- Task to complete: Copy the records below exactly, omitting any pictures they contain.

◆ ◆ ◆ ◆ ◆ ◆ ◆

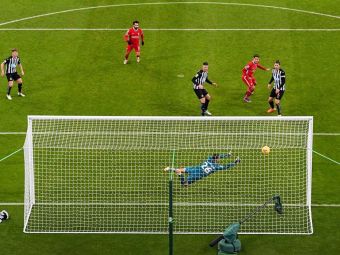 ZIDUL din Premier League! :) Portarul care i-a INTERZIS lui Liverpool victoria in ultimul meci al anului viseaza la nationala! Super-interventii in fata lui Salah si Mane
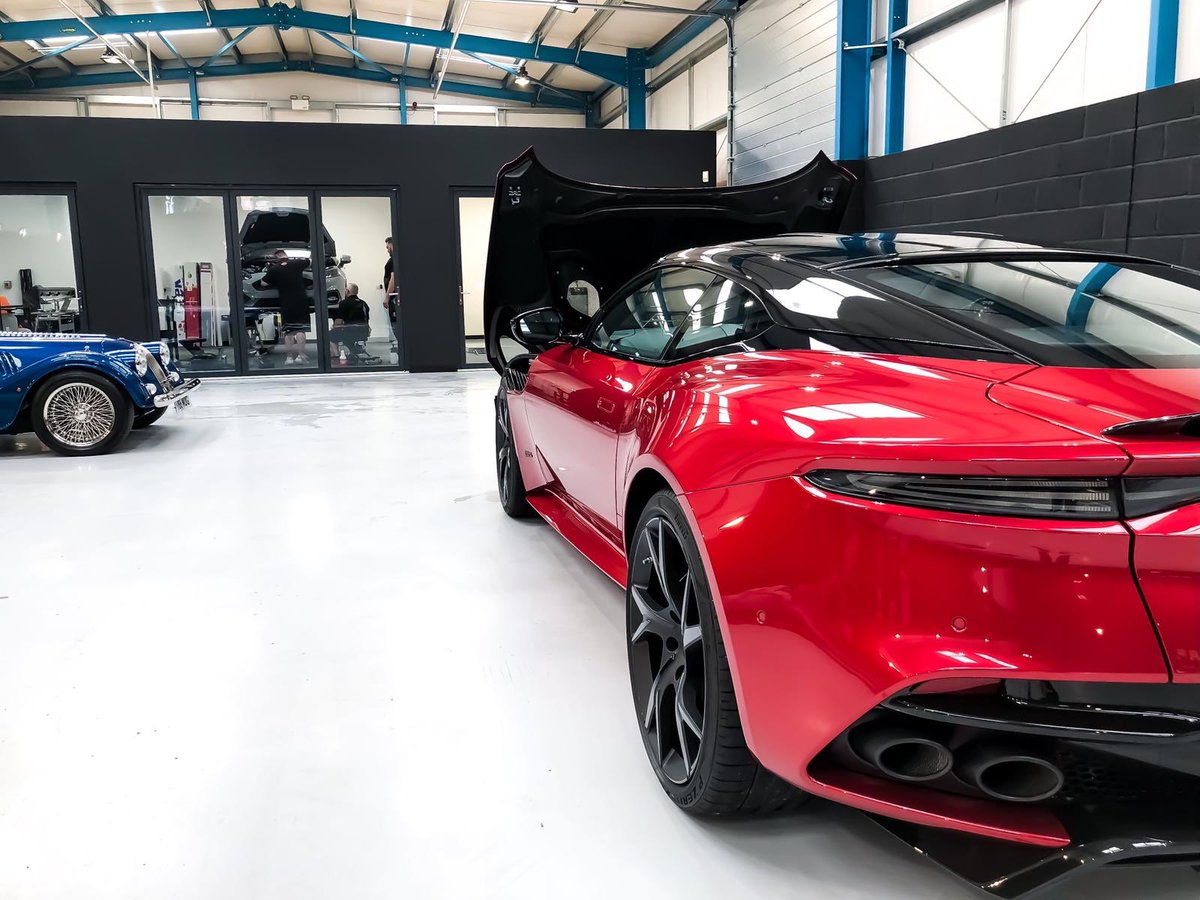 ReepSouth's tweet photo. Starting Monday right with a stunning Aston Martin DBS Superleggera 😍 #MondayMotivation https://t.co/nkEXAKreSj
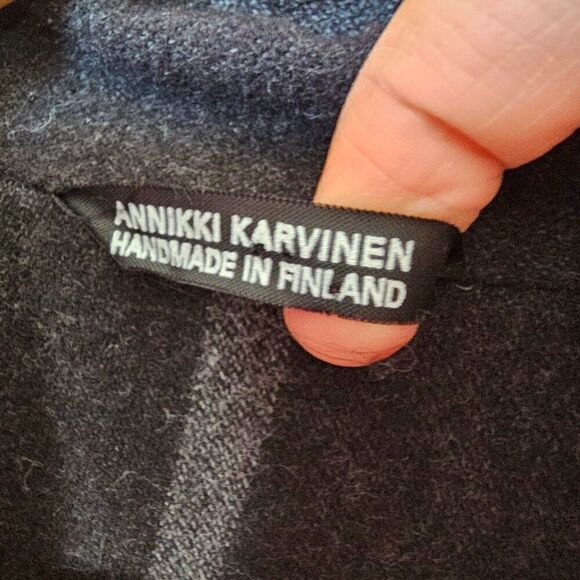 EUC ANNIKKI KARVINEN WOOL OVERSIZED TILE PATTERN LAPEL PONCHO ONE SIZE - Picture 13 of 16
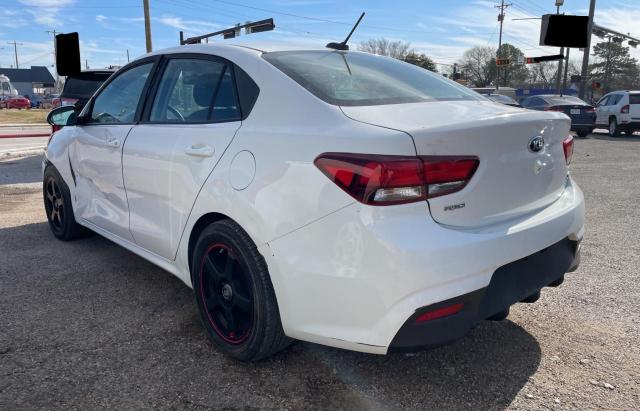 3KPA24ABXJE060480 - 2018 KIA RIO LX WHITE photo 3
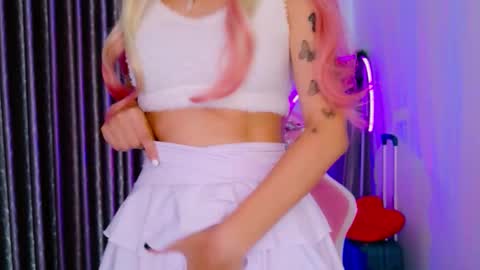 Katarina online show from February 7, 6:06 am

◆ ◆ ◆ ◆ ◆ ◆ ◆

- Completed task:
 ZIDUL din Premier League! :) Portarul care i-a INTERZIS lui Liverpool victoria in ultimul meci al anului viseaza la nationala! Super-interventii in fata lui Salah si Mane
 ReepSouth's tweet photo. Starting Monday right with a stunning Aston Martin DBS Superleggera 😍 #MondayMotivation https://t.co/nkEXAKreSj
 EUC ANNIKKI KARVINEN WOOL OVERSIZED TILE PATTERN LAPEL PONCHO ONE SIZE - Picture 13 of 16
 3KPA24ABXJE060480 - 2018 KIA RIO LX WHITE photo 3
 Katarina online show from February 7, 6:06 am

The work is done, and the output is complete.